(Data block Opens)

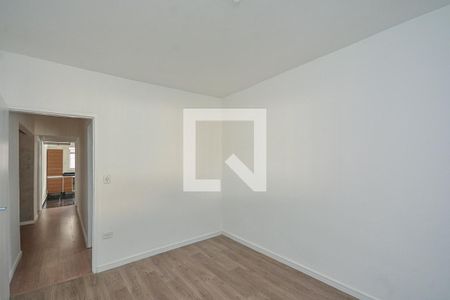 Quarto 3 de casa para alugar com 4 quartos, 180m² em Cidade Dutra, São Paulo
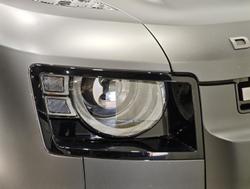 2025 Land Rover Defender 130 P400 X-Dynamic SE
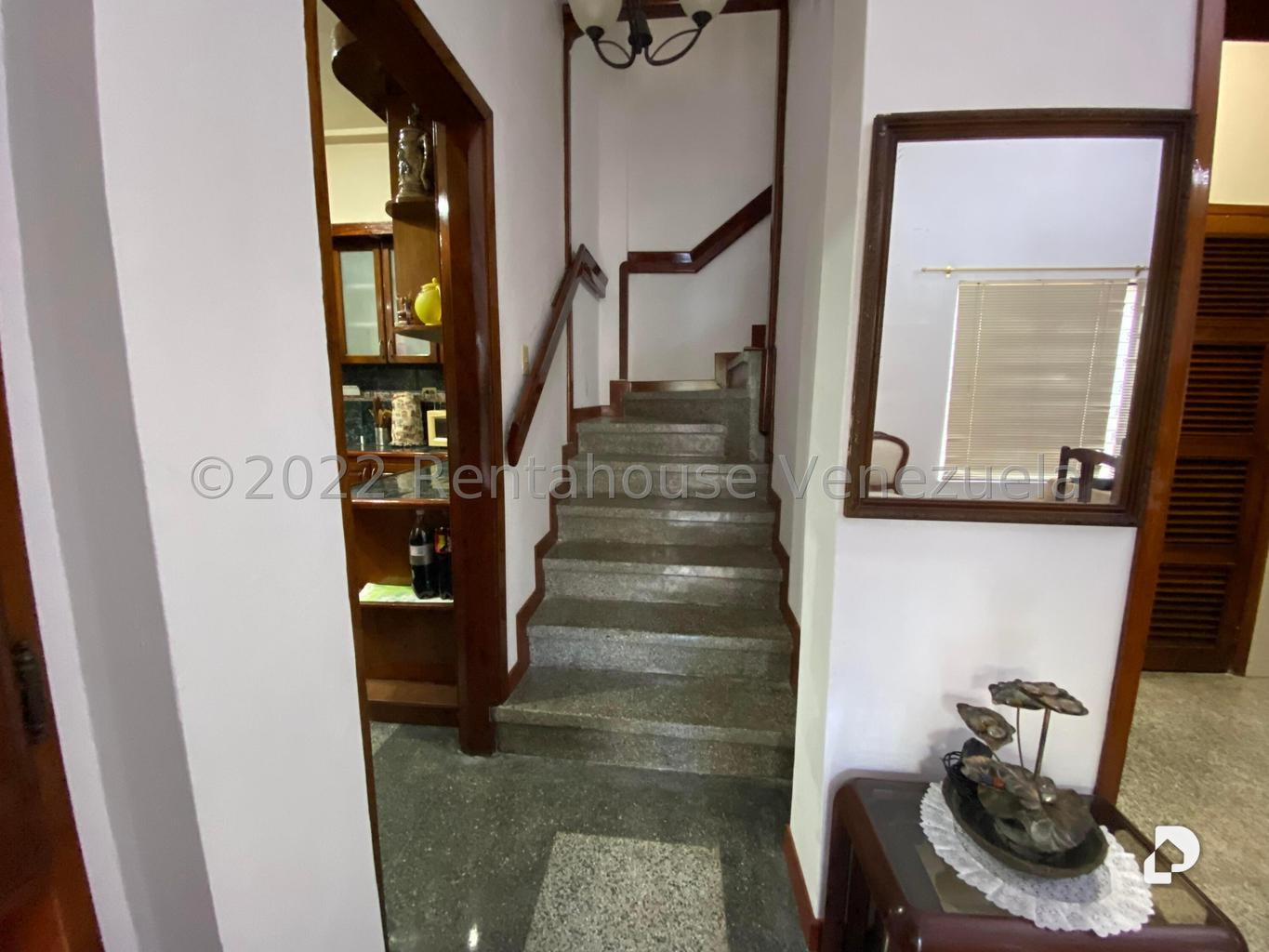 Casa en Santa Cecilia, Caracas – 8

(Data block Closes)

All of the data above needs to be given again exactly. Leave out each image.

Your solution:
 Quarto 3 de casa para alugar com 4 quartos, 180m² em Cidade Dutra, São Paulo
 2025 Land Rover Defender 130 P400 X-Dynamic SE
 Casa en Santa Cecilia, Caracas – 8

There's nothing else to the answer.